Structured logging in Next.js without the noise
A complete guide to logging from Next.js App Router, Route Handlers, and server actions with LoggerMan — tokens, metadata, environments, and alerts.
Why structure matters
Unstructured `console.log` output breaks down the moment you add a second service or a second developer. Search becomes guesswork, alerts fire on the wrong strings, and post-mortems turn into archaeology.

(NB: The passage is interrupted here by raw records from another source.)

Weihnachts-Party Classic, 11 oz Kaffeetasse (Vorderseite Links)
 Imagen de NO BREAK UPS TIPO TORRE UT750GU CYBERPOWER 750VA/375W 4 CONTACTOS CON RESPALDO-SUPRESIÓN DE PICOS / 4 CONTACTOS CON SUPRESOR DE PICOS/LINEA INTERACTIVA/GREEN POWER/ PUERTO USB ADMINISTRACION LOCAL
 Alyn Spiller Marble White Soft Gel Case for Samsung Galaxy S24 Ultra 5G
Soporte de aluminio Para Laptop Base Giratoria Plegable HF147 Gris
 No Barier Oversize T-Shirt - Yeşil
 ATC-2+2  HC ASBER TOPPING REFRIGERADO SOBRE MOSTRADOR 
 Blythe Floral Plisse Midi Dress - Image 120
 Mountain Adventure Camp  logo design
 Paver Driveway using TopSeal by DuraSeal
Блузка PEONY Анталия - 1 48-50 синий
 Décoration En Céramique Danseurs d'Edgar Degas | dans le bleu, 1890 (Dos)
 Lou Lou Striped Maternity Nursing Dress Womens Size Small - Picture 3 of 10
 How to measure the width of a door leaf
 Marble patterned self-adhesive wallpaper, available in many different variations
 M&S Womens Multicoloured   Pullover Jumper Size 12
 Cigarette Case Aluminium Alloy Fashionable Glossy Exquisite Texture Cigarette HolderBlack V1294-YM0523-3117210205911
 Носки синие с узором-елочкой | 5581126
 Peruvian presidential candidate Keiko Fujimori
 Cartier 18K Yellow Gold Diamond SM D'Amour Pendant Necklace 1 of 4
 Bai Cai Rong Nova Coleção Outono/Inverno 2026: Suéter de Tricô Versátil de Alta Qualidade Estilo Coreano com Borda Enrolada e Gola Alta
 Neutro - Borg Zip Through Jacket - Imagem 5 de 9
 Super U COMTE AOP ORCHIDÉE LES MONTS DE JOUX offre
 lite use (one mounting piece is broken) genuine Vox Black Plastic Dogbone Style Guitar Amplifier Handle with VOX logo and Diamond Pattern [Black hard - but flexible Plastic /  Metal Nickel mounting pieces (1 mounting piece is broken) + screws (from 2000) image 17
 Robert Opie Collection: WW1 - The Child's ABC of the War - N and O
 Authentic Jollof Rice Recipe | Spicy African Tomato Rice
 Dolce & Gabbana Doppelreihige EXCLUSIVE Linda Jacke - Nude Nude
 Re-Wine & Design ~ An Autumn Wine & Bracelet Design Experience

LoggerMan treats each event as a **typed log line** with an optional **metadata** object — the same model as our REST ingest API and the @marvink02/loggerman-sdk. If you are new to the product, start with the quick start guide before wiring production traffic.
One project per deployable
A common mistake is sharing one ingest token across staging, preview, and production. That collapses environments in Analytics and makes alert rules meaningless.
Instead:
- Create a project per environment (or pass `environment` from the SDK — see integrations).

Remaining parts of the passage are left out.